The present invention relates to a refrigeration process for liquefying a gas. More particularly, the present invention relates to a process for the liquefaction of natural gas which is more energy efficient than prior methods and, thus, more economical.
Numerous reasons exist for the liquefaction of gases and particularly of natural gas. The primary reason for the liquefaction of natural gas is that the liquefaction reduces the volume of a gas by a factor of about 1/600, thereby making it possible to store and transport the liquefied gas in containers of more economical and practical design.
For example, when gas is transported by pipeline from the source of supply to a distant market, it is desirable to operate under a substantially constant high load factor. Often the capacity will exceed demand while at other times the demand may exceed the capacity of the pipeline. In order to shave off the peaks where demand would exceed supply, it is desirable to store the gas when the supply exceeds demand, thereby peaks in demand can be met from material in storage. For this purpose it is desirable to provide for the storage of gas in a liquefied state and to vaporize the liquid as demand requires.
Liquefaction of natural gas is of even greater importance in making possible the transport of gas from a source of plentiful supply to a distant market, particularly when the source of supply cannot be directly joined with the market by pipeline. This is particularly true where transport must be made by ocean going vessels. Ship transportation in the gaseous state is uneconomical unless the gaseous material is highly compressed, and even then the transportation system would not be economical because it is impractical to provide containers of suitable strength and capacity.
In order to store and transport natural gas, the reduction of the natural gas to a liquefied state requires cooling to a temperature of about -240.degree. F. to -260.degree. F. at atmospheric pressure.
Numerous systems exist in the prior art for the liquefaction of natural gas or the like, in which the gas is liquefied by passing it sequentially through a plurality of cooling stages to cool the gas to successively lower temperatures until the liquefaction temperature is reached. Cooling is generally accomplished by heat exchange with one or more refrigerants such as propane, propylene, ethane, ethylene, and methane which are expanded in a closed refrigeration cycle. Additionally, the natural gas is expanded to atmospheric pressure by passing the liquefied gas through one or more expansion stages. During the course of the expansion, the gas is further cooled to a suitable storage or transport temperature and its pressure reduced to atmospheric pressure. In this expansion to atmospheric pressure significant volumes of the natural gas are flashed.

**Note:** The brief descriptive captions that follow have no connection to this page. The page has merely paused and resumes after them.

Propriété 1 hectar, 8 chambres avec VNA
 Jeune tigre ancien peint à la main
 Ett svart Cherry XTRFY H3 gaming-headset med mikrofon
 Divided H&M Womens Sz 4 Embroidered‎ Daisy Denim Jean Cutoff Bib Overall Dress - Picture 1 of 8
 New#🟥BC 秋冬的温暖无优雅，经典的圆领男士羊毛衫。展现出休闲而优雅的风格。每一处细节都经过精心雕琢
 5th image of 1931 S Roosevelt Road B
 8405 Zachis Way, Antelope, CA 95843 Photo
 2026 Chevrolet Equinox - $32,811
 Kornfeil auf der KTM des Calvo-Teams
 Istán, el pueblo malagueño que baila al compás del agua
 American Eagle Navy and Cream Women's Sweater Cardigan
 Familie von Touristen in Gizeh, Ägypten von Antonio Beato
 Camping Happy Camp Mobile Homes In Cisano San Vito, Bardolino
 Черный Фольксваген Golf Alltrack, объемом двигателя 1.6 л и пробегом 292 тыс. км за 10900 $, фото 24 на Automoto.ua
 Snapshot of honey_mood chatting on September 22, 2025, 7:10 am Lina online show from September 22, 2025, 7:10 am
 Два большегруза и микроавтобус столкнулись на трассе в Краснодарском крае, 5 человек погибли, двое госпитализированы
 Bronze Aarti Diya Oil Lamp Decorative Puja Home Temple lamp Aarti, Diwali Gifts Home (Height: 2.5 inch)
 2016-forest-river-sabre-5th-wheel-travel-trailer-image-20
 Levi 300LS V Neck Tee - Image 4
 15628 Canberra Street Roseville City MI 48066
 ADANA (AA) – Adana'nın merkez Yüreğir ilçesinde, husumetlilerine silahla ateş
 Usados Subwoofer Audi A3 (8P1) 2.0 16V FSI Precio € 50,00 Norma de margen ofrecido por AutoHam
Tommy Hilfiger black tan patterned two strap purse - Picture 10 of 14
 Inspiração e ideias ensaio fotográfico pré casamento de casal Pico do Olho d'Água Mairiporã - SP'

The flashed vapors from the expansion stages are generally collected and recycled for liquefaction or else burned to generate power for the liquid natural gas manufacturing facility.
These prior liquefaction processes have typically carried out the depressurization of the natural gas feed by Joule-Thompson expansion, or constant enthalpy expansion, and has resulted in a reduced pressure and temperature for the gas feed system. Such expansions are uneconomical and wasteful because the gas expands without doing any useful work. Therefore, it would be desirable to develop a liquefaction process which extracts useful work from expansion of the gas feed stream. Moreover, it would be desirable to develop a more efficient arrangement for a process for the liquefaction of natural gas.